The dead tree near the bridge is completely rotten and full of insects, so it's a popular hunting ground for Blue Tits and Great Tits.

There was also a Wren here.

A Robin surveyed the scene from the top of a holly tree.

A Grey Wagtail used a rail in the Italian Garden fountains as a hunting station.

There was just one Mistle Thrush in the rowan trees on Buck Hill. We're still waiting for the autumn migrants to reach central London, though there already reports of them elsewhere.

A Starling at the Lido restaurant made off with a chip, one of their favourite foods.

The Common Gull at Peter Pan has some companions at last.

There was another on the Serpentine eating a bit of bread.

A young Herring Gull had got the last bits of clotted cream out of a plastic tub, and it became a toy. But the gull lost interest and left it for a Carrion Crow to explore.

Another played with a seed.

A Coot cruised up a row of Black-Headed Gulls like a general inspecting his troops.

The Great Crested Grebe chicks on the Long Water were relentlessly pestering their parents.

A Cormorant looked up to the parapet of the Italian Garden with its shining green eyes.

A Tufted drake looked very smart at Peter Pan.

The blond male Egyptian Goose on the Serpentine was alone again. Two other Egyptians on the edge of the lake were nattering to each other, and I think his unfaithful mate has gone off with her fancy gander again.

A Buff-Tailed Bumblebee browsed on a clump of Baby Sage in the Rose Garden. You can see how the little flowers sag when the big bee lands on them.

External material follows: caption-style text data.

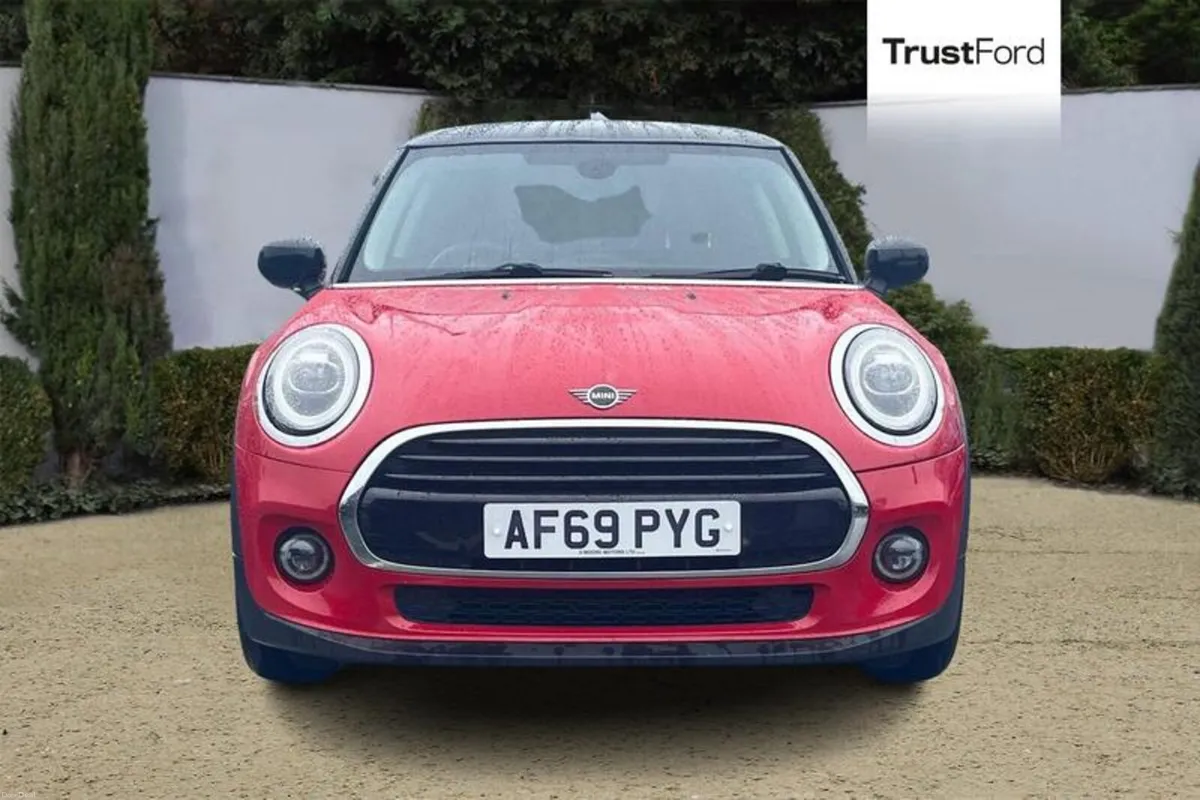 Mini Cooper 1.5 Cooper Classic II 3dr [Nav Pack] - Image 6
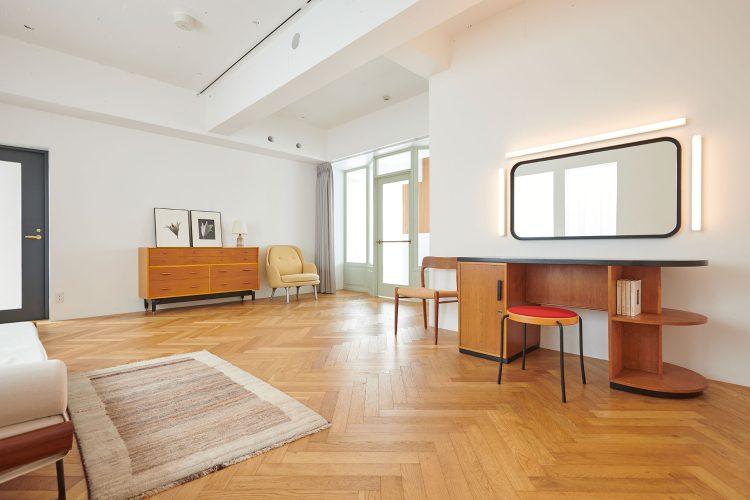 ヘリンボーン張りの床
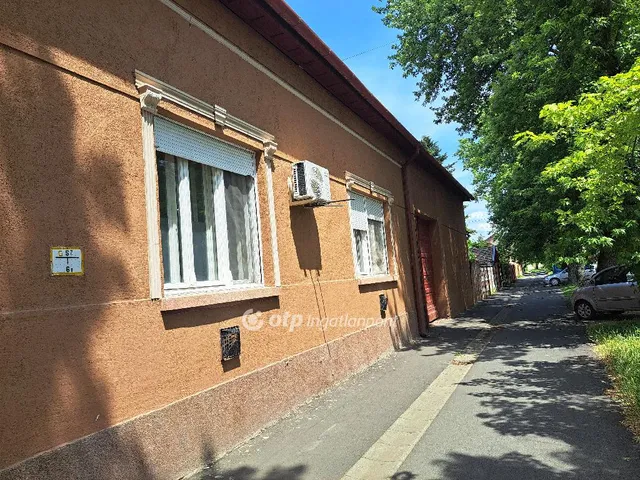 Eladó lakás Békéscsaba 95 nm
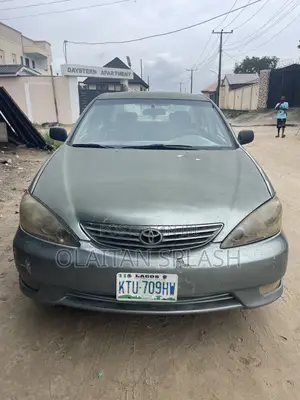 Toyota Camry 2004 Gray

  1. I so like delightfully rounded bumblebees. I actually like animals on the fatter side, I can't help it. Makes me want to cuddle them.

    I do think that Coot is looking for a breach in the gull line so that it can charge.

    1. The Rose Garden is carefully tended so that it has flowers of some kind all year round. It gives bumblebees a longer and happier life. No wonder there are so many of them there.